_What you will do:_ Could you please retype all of the records exactly, skipping any pictures?

Caption-style text data
>>

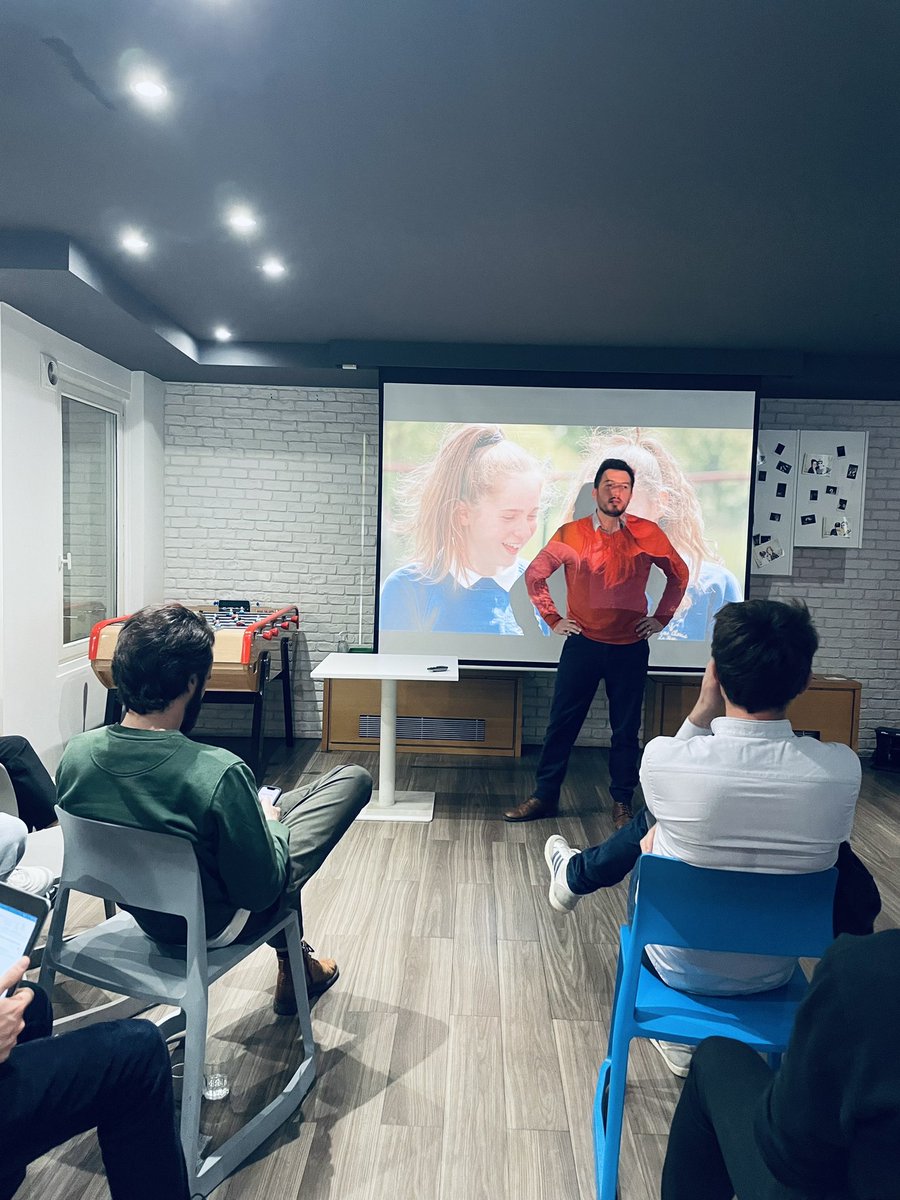 2e asso : <a href="/ERuralites/">Excellence Ruralités</a> est parti du constat que 30% des jeunes ne terminent pas leur scolarité
Leur but ? Aider les enfants à exprimer leurs talents, et recréer de la confiance dans l’autorité en développant un modèle d’écoles rurales adapté à leurs besoins éducatifs 
#PrixTenzing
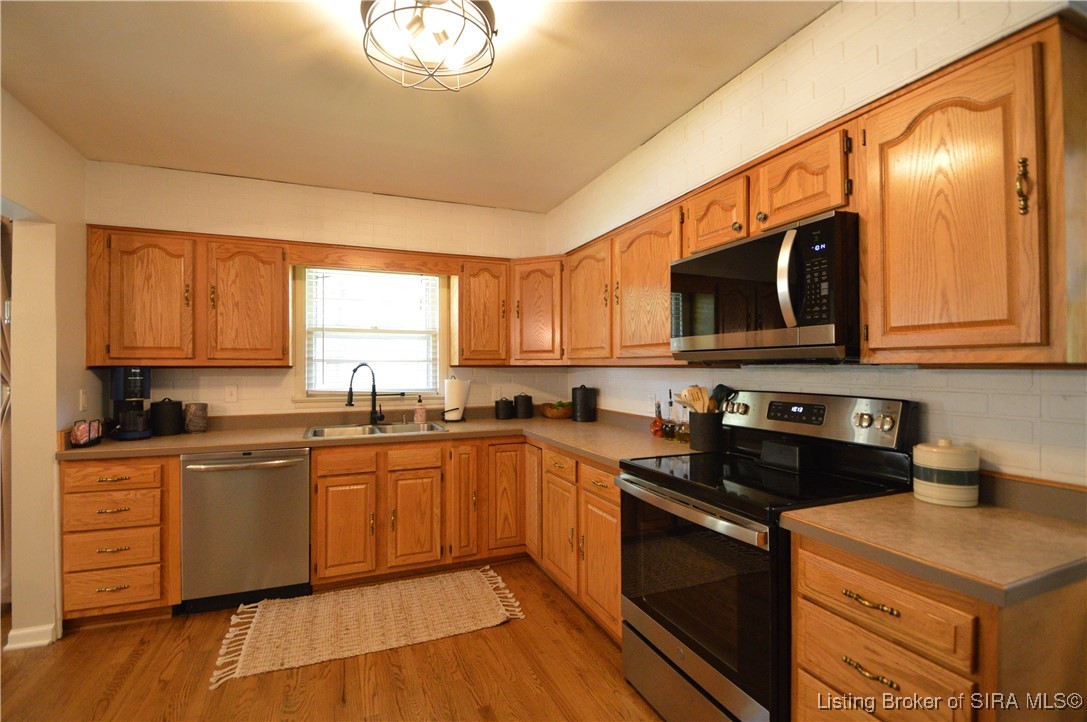 2436 Bohannon Lane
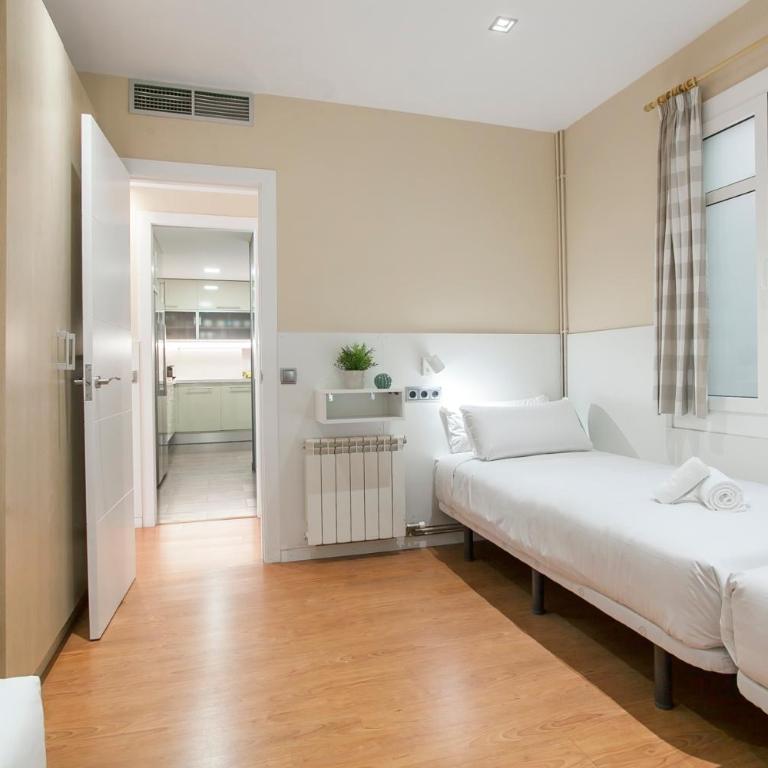 BBarcelona Sagrada Familia Flats - Apartment with Balcony - 14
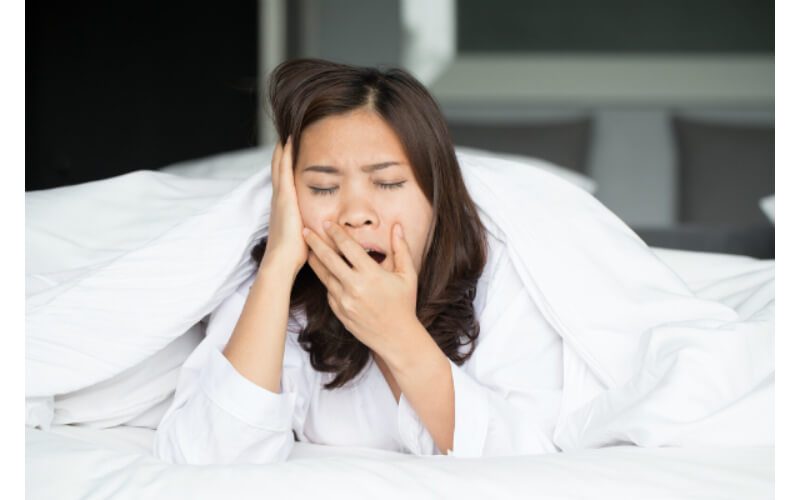 Chế độ sinh hoạt không phù hợp là nguyên nhân gây lão hóa vùng mắt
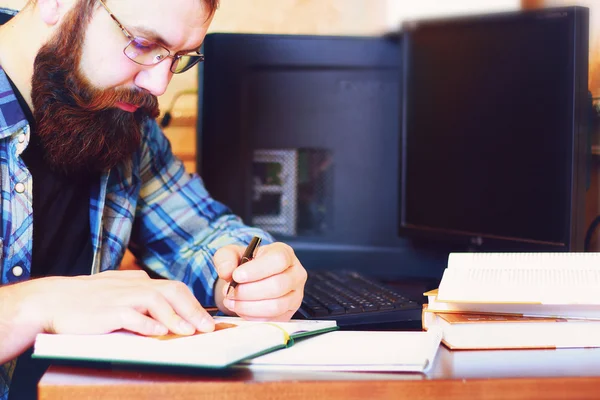 Männliche Arbeit Computer Stift schreiben — Stockfoto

<<

_Answer for this exercise:_
 2e asso : <a href="/ERuralites/">Excellence Ruralités</a> est parti du constat que 30% des jeunes ne terminent pas leur scolarité
Leur but ? Aider les enfants à exprimer leurs talents, et recréer de la confiance dans l’autorité en développant un modèle d’écoles rurales adapté à leurs besoins éducatifs 
#PrixTenzing
 2436 Bohannon Lane
 BBarcelona Sagrada Familia Flats - Apartment with Balcony - 14
 Chế độ sinh hoạt không phù hợp là nguyên nhân gây lão hóa vùng mắt
 Männliche Arbeit Computer Stift schreiben — Stockfoto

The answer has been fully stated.